A haunting image of one night's mission to Duisburg



100 Squadron Memorial in Waltham

We met up with Mike, the son-in-law of Harry Wood, Dad's Wireless Operator in 100 Sq who shared some stories with us for the documentary. Here he is with Mum and Dad outside the Kings Head in Waltham. We took Dad to the pub thinking it may jog some memories for him as it would have been one of his local drinking establishments as it was within staggering distance of the base, but he didn't remember, sadly.




Martin looking very pensive in the background ... he's used to being behind the camera



When Dad walked onto the deserted airfield, it brought a lump to my throat ....especially after I had this poem in my head which my friend, Dave, sent to me shortly before we went .... *gulps*


Beautifully poignant isn't it

Twitter and Facebook have been invaluable helping us in our search for Dad's crews. Friends, Julian, Julia, Di and Dave have been incredible and have been like dogs with bones investigating all lines of enquiry for us!
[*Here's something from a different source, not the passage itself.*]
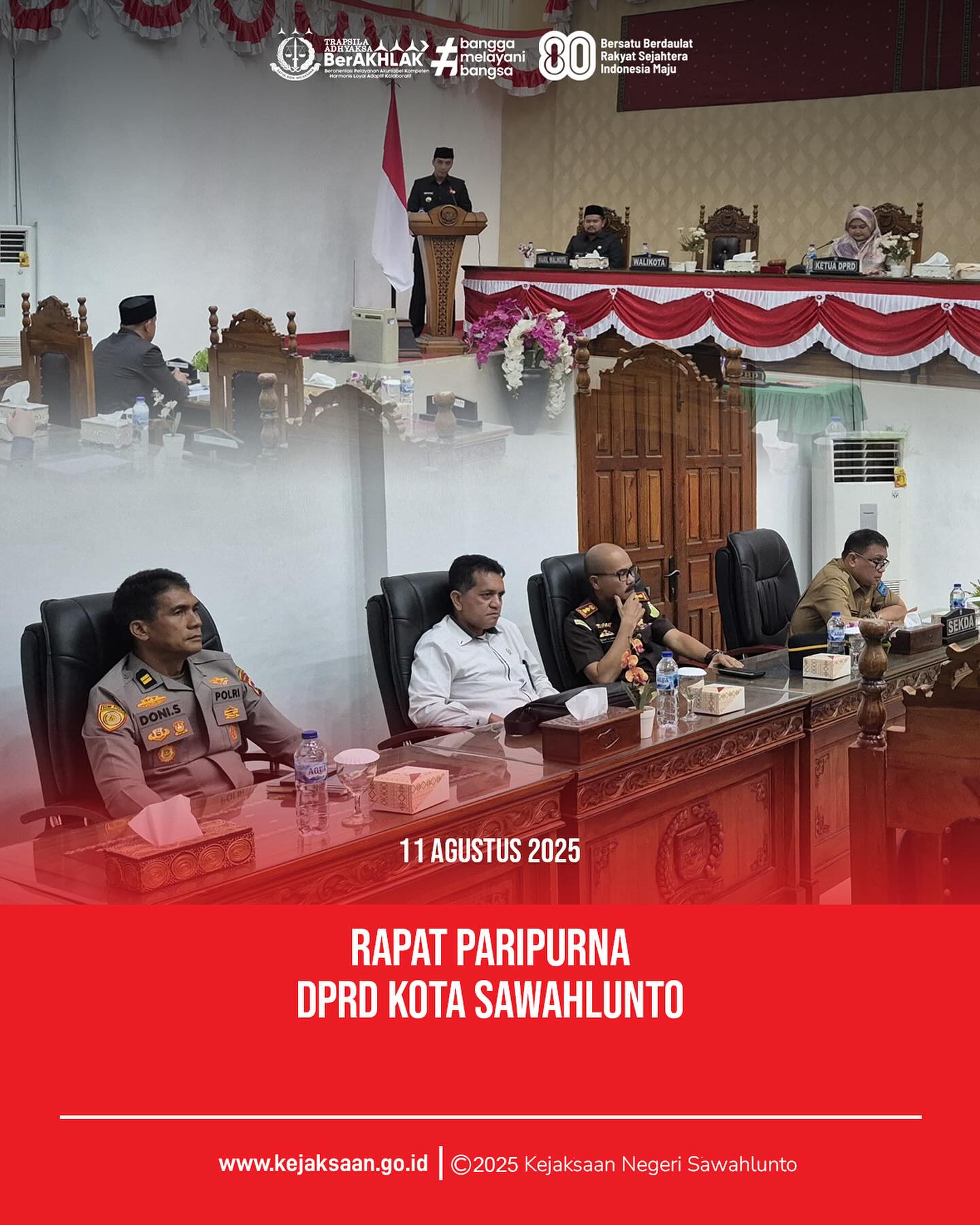 Bahwa pada hari Senin, 11 Agustus 2025, bertempat di Ruang Rapat DPRD Kota Sawahlunto, Kepala Kejaksaan Negeri Sawahlunto, Bapak Eddy Samrah L, S. H., M. H., mengikuti kegiatan Rapat Paripurna dalam Rangka Penandatanganan Kesepakatan Rancangan Perubahan KUA dan PPAS Kota Sawahlunto Tahun 2025.Penyusunan Kebijakan Umum APBD (KUA) mengacu pada Rencana Kerja Pemerintah Daerah (RKPD). RKPD sendiri merupakan rencana kerja tahunan daerah disusun berdasarkan amanat Undang-Undang Nomor 17 tahun 2003 tentang Keuangan Negara dan Undang-Undang Nomor 25 Tahun 2004 tentang Sistem Perencanaan Pembangunan Nasional.Kebijakan Umum APBD (KUA) pada dasarnya adalah rencana tahunan yang bersifat makro yang merupakan bagian dari rencana jangka panjang daerah dan rencana jangka menengah daerah disusun dengan memperhatikan dan mengacu pada agenda Pembangunan Nasional, Kebijakan Pemerintah Pusat serta Rencana Kerja Pemerintah Daerah (RKPD).KUA-PPAS memuat program-program yang akan dilaksanakan oleh pemerintah daerah untuk setiap urusan pemerintahan daerah yang disertai dengan proyeksi pendapatan daerah, alokasi belanja daerah, sumber dan penggunaan pembiayaan yang disertai dengan asumsi yang mendasarinya. - from Instagram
I must just share the story of how I "met" Dave on Facebook. After the incredible Dambusters week in May, The Battle of Britain Memorial Flight posted a Facebook update to thank everyone for all their support over the week. I saw a comment by a Dave Donaghy which struck a chord with me "what strikes is the sheer volume of support and love for these magnificent aircraft and all that they represent, the bravery, the sacrifices, the sheer determination of a nation at war, a time when Great Britain shone out like a beacon, these beautiful aeroplanes must be kept and cherished forever". I "liked" his comment and said something like it was a lovely heartfelt comment and I couldn't have said it better myself and thanked him for making me cry. The very next day he sent me a friend request and I told him about what we were doing with Dad and sent him a link to the Finding the Pathfinders trailer and he was totally hooked from that moment onwards. Within a couple of days he booked his ticket and was doing his own researches into finding Dad's crews. He bombarded me with so much incredible stuff he'd found. He worked night shifts so said it helped ease the boredom. I don't think he or I will EVER forget the message I sent to him asking how his night shift was doing ..... but I missed off a crucial letter!!! I still blush when I think of it!

Shortly afterwards Di, Julian and Julia got involved through Twitter and Facebook and Julia opened up a Facebook chat for us all to share the information we had found. Sharon also made a Finding the Pathfinders Facebook page 

As a way of thanking our Research Team we invited them to the special Family Reunion Day at East Kirkby on 24th July where some of the families from Dad's crews got to meet Dad and we spent an emotional day filming with them. It was such a shame that some of the families we've found couldn't attend this wonderful event because of work commmitments etc.  BBC Look North were filming there all day and the following day a wonderful piece was shown on TV. Sharon has a copy of it on DVD but needs to find out about copyright before she lets any of us have copies.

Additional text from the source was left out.